Der LRH rät – wie schon der Rechnungshof im Jahr 2014 –, die Stadt solle das Unternehmen auflösen und sich wieder selbst um die Geschäftsbereiche kümmern. Im Bericht liest sich das so: „Der LRH empfahl daher, eine vollständige Rückgliederung der Wolfsberger Stadtwerke zu prüfen. Alternativ sollte jedenfalls eine Teilrückgliederung der Gebührenbereiche Wasser und Kanal erfolgen.“ Begründet wird das damit, dass die Stadtgemeinde Wolfsberg auf die zuletzt erwirtschafteten Gewinne keine Körperschaftssteuer – 2020 wurden 122.818 Euro fällig, im Vorjahr 148.836 Euro – zahlen müsste. Die Stadt gibt sich einsichtig und meint in ihrer Stellungnahme im Bericht, sie werde die „Empfehlung in Bezug auf das Thema Rückgliederung umsetzen und eine solche prüfen“ – was zwar widersprüchlich ist, vom LRH aber akzeptiert wurde.
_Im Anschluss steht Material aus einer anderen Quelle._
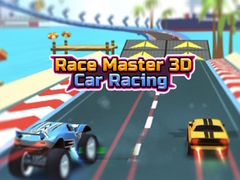 խաղ Race Master 3D Car Racing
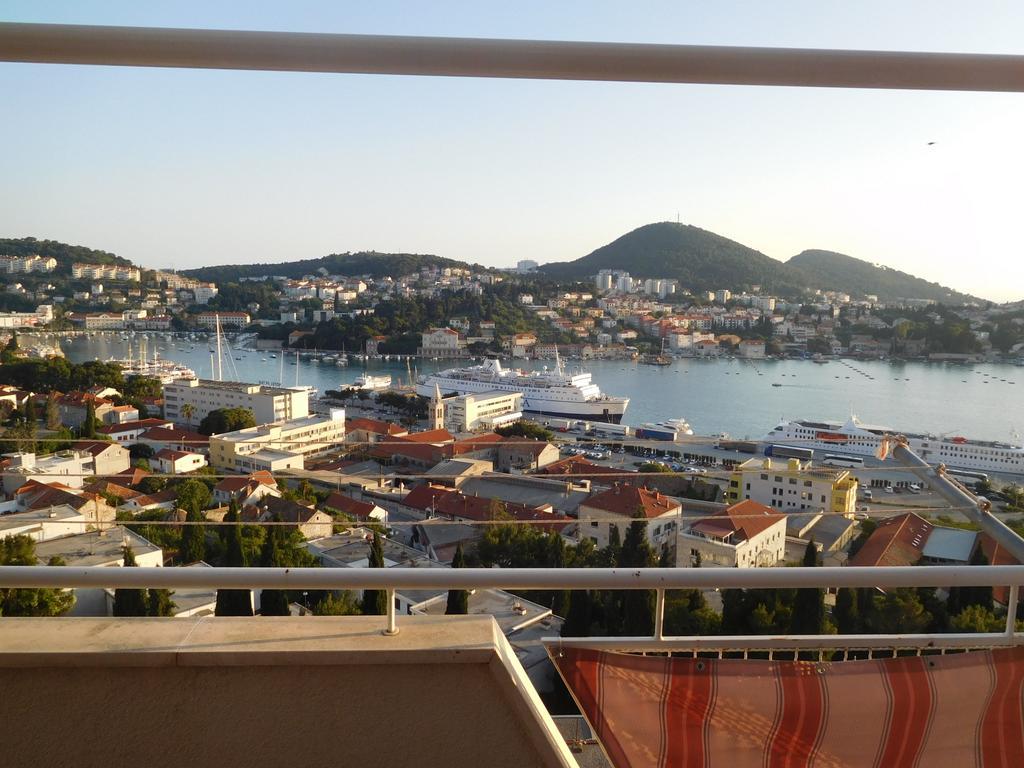Rooms Anela With Large Common Tarrace And Beautiful Sea View Dubrovník Exteriér fotografie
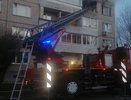 Во Владимире из-за пожара пострадали два человека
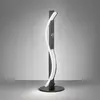 Lampe de table Led Bridge noire FISCHER AND HONSEL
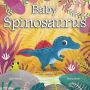 Baby Spinosaurus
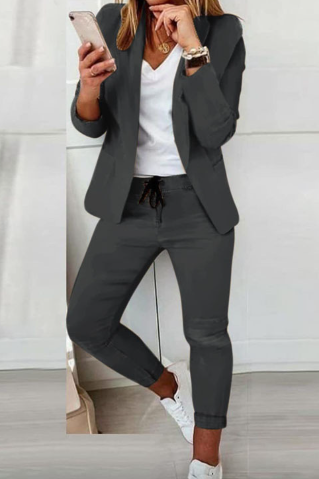 Mayla | Blazer set  – Nu met GRATIS Broek!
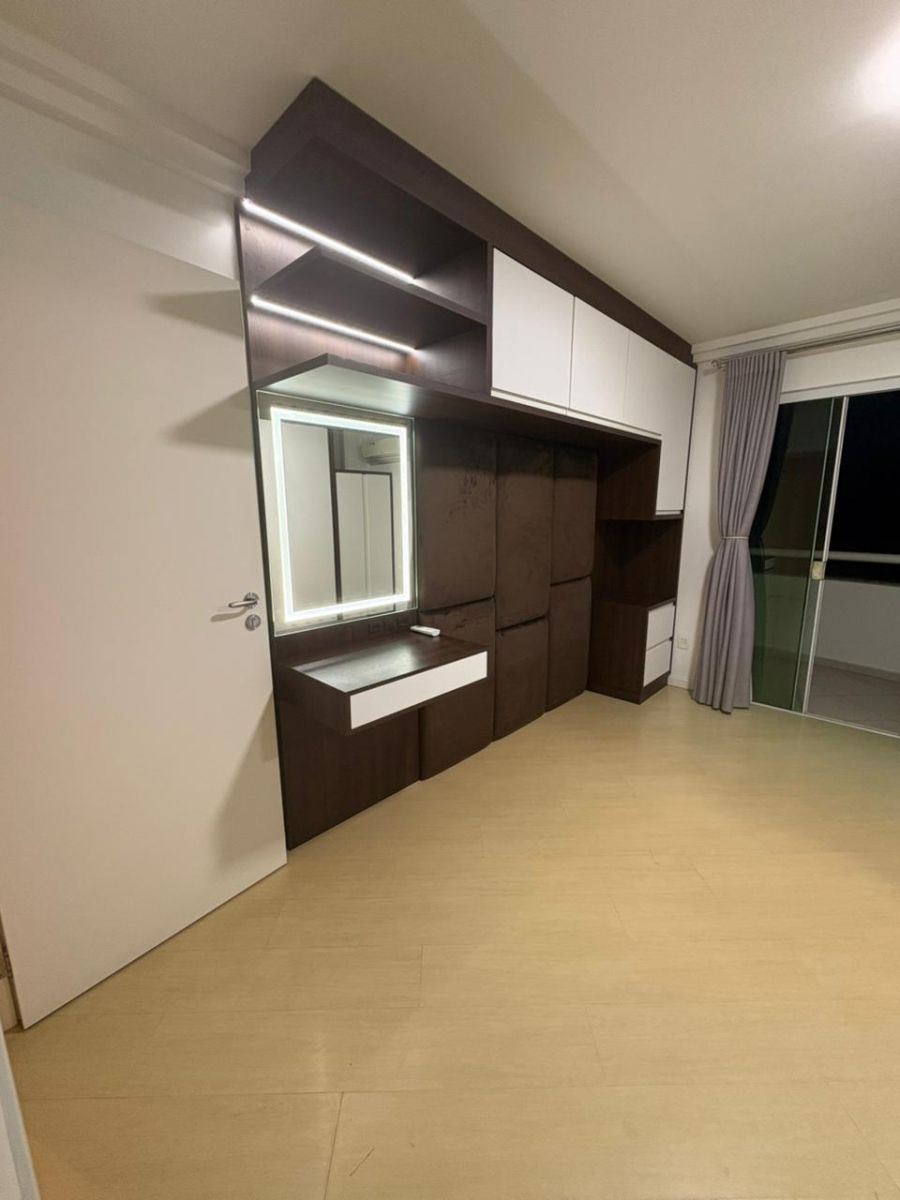 Imagem Apartamento Semimobiliado com 98,61m² no Vila Nova em Jaraguá do Sul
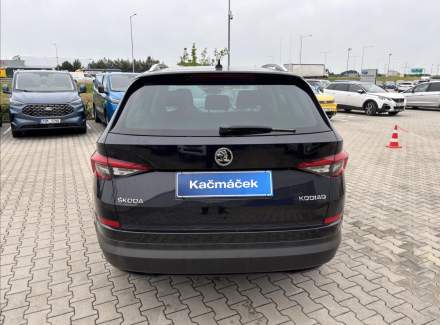 Škoda - Kodiaq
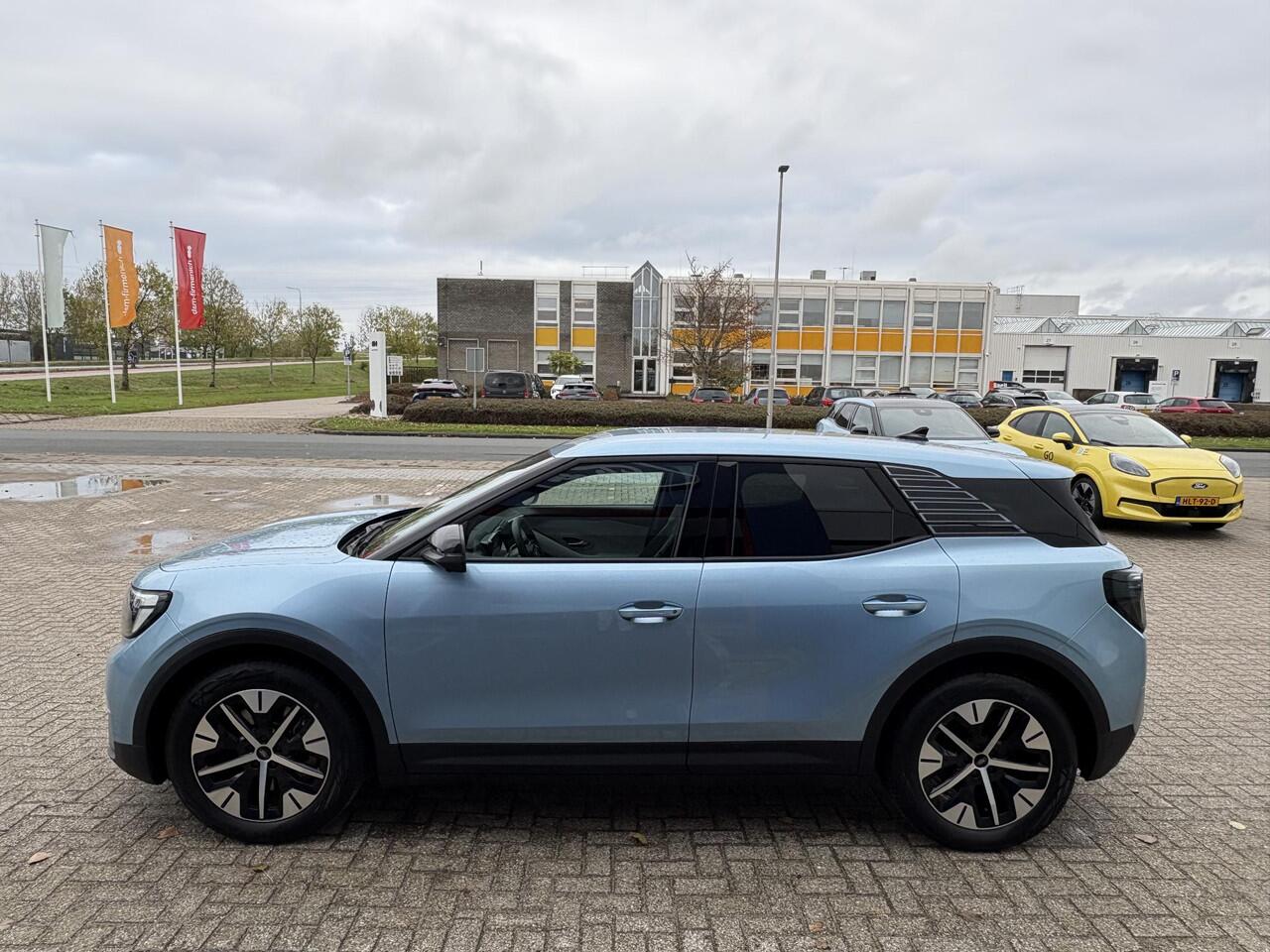 Ford EXPLORER Select Extended Range RWD 77 kWh 286pk | Driver Assistance Pack | Comfort pack 2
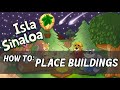 How to place buildings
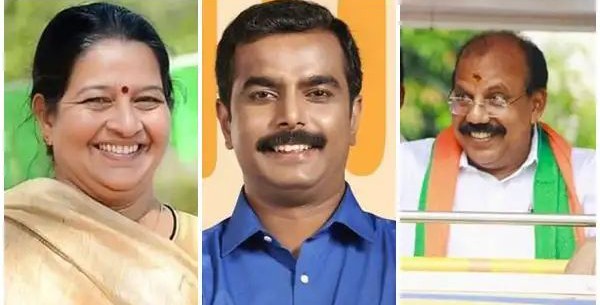 തൃക്കാക്കര: ആദ്യ റൗണ്ടില്‍ ഉമ തോമസ് 2157 വോട്ടുകള്‍ക്ക് മുന്നില്‍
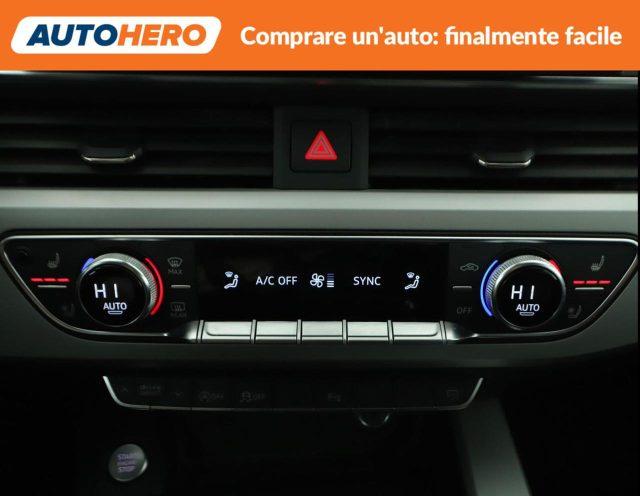 AUDI A4 40 TDI quattro S tronic Business Advanced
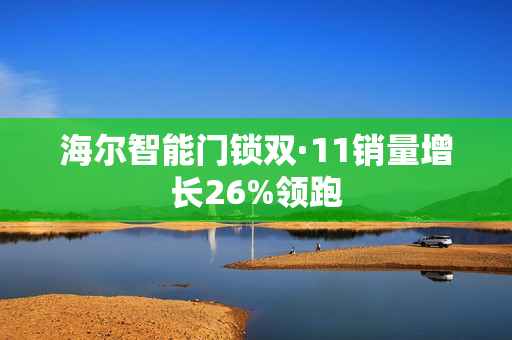 海尔智能门锁双·11销量增长26%领跑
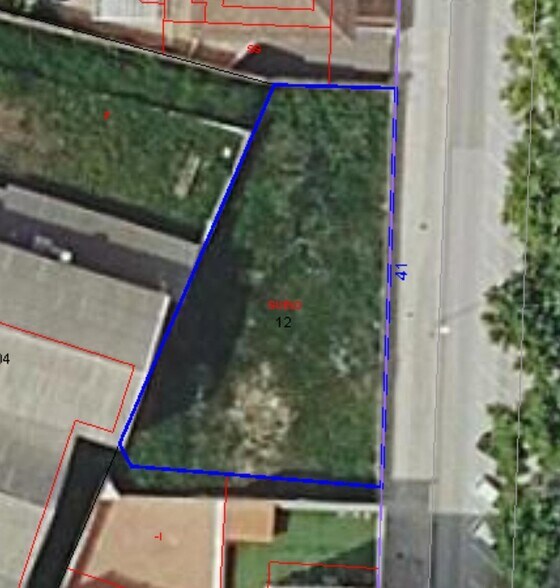 Fira de la, 35, Albaida, Valencia for sale - Floor Plan - Image 1 of 1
Der Landesrechnungshof stößt sich vor allem an den Querfinanzierungen, die auf den Rücken der Gebührenzahler erfolgen. So werden jetzt Bereiche der Stadtwerke, die Verluste erwirtschaften, etwa das Stadionbad, mit eingehobenen Gebühren am Leben erhalten. Im Bericht heißt es: „Eine dauerhafte Querfinanzierung von Abgangsbetrieben war nicht zulässig und führte dazu, dass vor allem die Gebührenzahler aus den Bereichen Kanal und Umwelt diese mitfinanzierten.“ Dazu ist diese Praxis nicht erlaubt: Überschüsse aus Gebühren müssen in der Kassa bleiben und ins Folgejahr übertragen werden. Eine Querfinanzierung bestreitet die Stadt aber. Vielmehr habe man liquide Mittel in Form von inneren Darlehen Teilbereichen mit Finanzproblemen zur Verfügung gestellt. Damit wurde vermieden, dass Zinsen für Fremdkapital anfielen. Der LRH glaubt allerdings nicht daran, dass das Stadionbad als notorischer Abgangsbetrieb seine inneren Darlehen je wird begleichen können. Unbeeindruckt davon ist die Stadt überzeugt, dass „maßvolle Abgänge in den Bereichen Veranstaltungszentrum Kuss, Eventhalle und Stadionbad im Sinne der Versorgung der Bürgerinnen und Bürger mit der entsprechenden Infrastruktur akzeptieren würde, da diese Bereiche nicht positiv zu führen wären“.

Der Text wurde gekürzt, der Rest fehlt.